Existiriam, segundo Kant, ideias e conhecimentos inatos, tais como a unidade, a totalidade, a reciprocidade, e, especialmente, o espaço e o tempo. Esses conhecimentos elementares forneceriam à percepção estruturas que lhes permitissem colocar ordem no caos perceptivo sensorial. O sentido que elas permitem encontrar na experiência sensorial guiaria as atitudes e as condutas das pessoas.

Gestalt
A ideia de que uma estrutura mental possa servir para selecionar, e organizar, os dados sensoriais foi destacada pela teoria da Gestalt. De acordo com esta teoria a pessoa que percebe um objeto capta imediatamente a significação dele em sua totalidade e o sentido que encontra nele impõe uma estrutura aos elementos que compõem este objeto. Por exemplo quando percebemos uma mesa atribuímos imediatamente uma forma e uma função (é uma mesa para refeições); essa forma e essa função serão úteis para descrever o objeto (é redonda ou quadrada, de vidro ou madeira, tem um ou quatro pés etc).

A teoria da gestalt nos traz uma lei importante no estudo do pensamento: o todo (a forma) é mais que a soma das partes (dos elementos). Para compreender o sentido  que pode ter um objeto (uma cruz, por exemplo) ou um fenômeno para uma pessoa, é preciso saber como ele se apresenta no campo de consciência dessa pessoa, já que é a forma que tem as relações entre os elementos desse objeto ou desse fenômeno que possui um sentido para ela, e cada elemento não pode ser compreendido senão pelas relações que tem com a forma. Dessa óptica os elementos sensoriais não são os elementos estruturantes da experiência consciente, mas os elementos estruturados pelo campo da consciência. Ou seja: Nossa consciência e subjetividade influenciam poderosamente na nossa percepção da realidade e nos nossos julgamentos e decisões tomados a partir daí.

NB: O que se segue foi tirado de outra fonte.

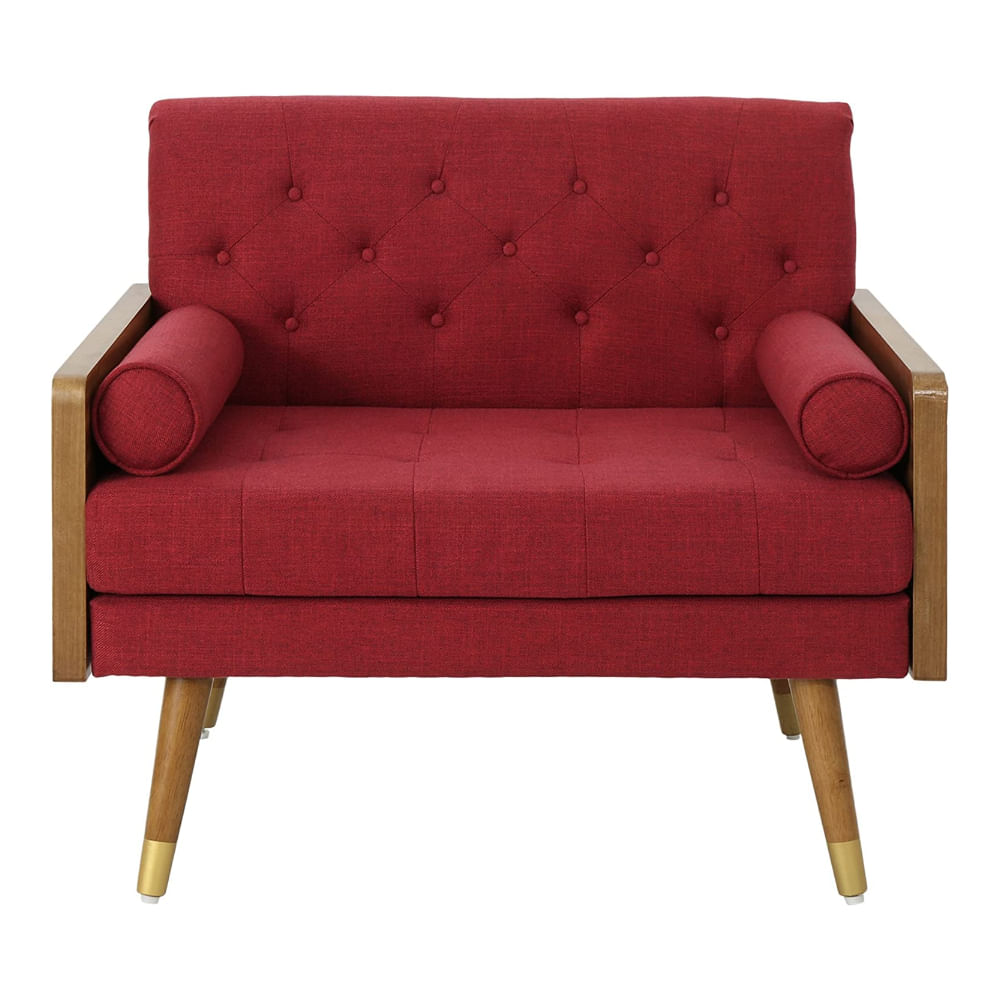 Butaca Berico Rojo CN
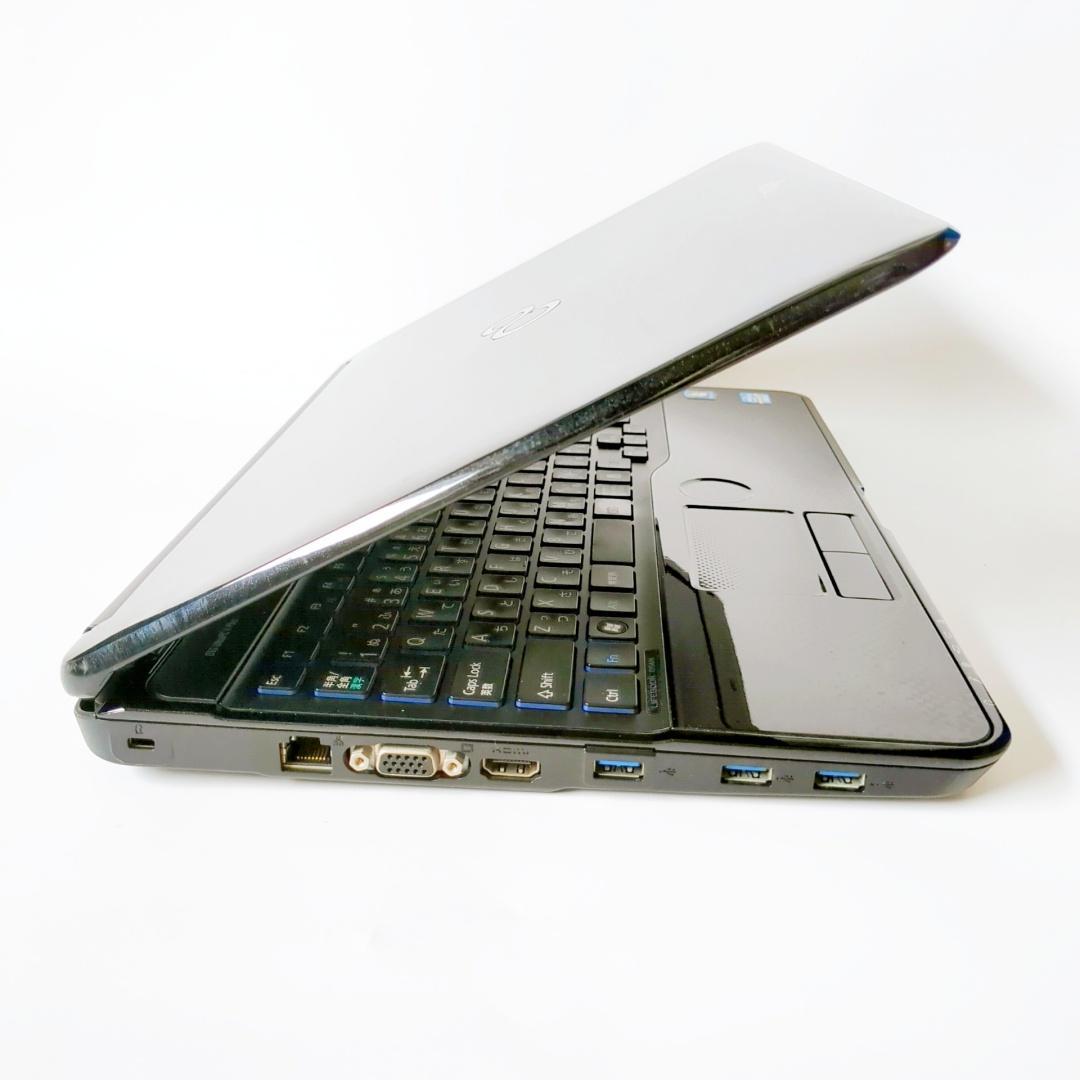 新品SSD爆速⭐Corei5⭐メモリ8GB✅カメラ付ノートパソコン✅すぐに使える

Psicologia cognitiva e criatividade
Atualmente as pesquisas sobre a percepção estão associadas à psicologia cognitiva. Os estudos sobre a percepção colocam em evidência as riquezas do pensamento, ou a faculdade da imaginação criativa como forma de reestruturar, sempre de modo original, as experiências e os conhecimentos adquiridos no decorrer de sucessivas gerações.

Cultura
É inevitável que a cultura influencie nas atividades perceptivas, já que é ela quem fornece a maior parte dos filtros perceptivos necessários para dotar de significado as experiências da existência. Mas não nos deteremos, agora, sobre ela.

Ondas sobre ondas
A percepção se baseia em atividades complexas que antecedem as atividades da inteligência, mas que, no fluxo da vida e das nossas decisões, são, também, consideradas válidas através de um filtro perceptivo criado através das nossas experiências ao longo do tempo. Sem uma devida atitude consciente da nossa parte e uma motivação focada para observarmos sobre quais arcabouços criamos as percepções que usaremos para tomar nossas decisões, valores e crenças, dificilmente poderemos sair vitoriosos das nossas constantes auto-sabotagens, incongruências e incoerências tão típicas, humanas e naturais quanto problemáticas na nossa jornada rumo ao melhor de nós mesmos.

Esclareça as percepções
Proponho, para essa semana, que, em qualquer decisão que tomemos, procuremos esclarecer para todas as partes envolvidas o quê significa cada um dos valores em questão:
  • "Todos queremos conviver bem", por exemplo. Ok, então o que é "boa convivência" para cada um de nós? 
  • "Todos queremos resolver esse problema." Ok, então o que é "resolver" e porque aquela situação foi identificada como um "problema" por cada um? 
Se possível façam por escrito e troquem suas respostas. Observem  o que muda. Percebeu?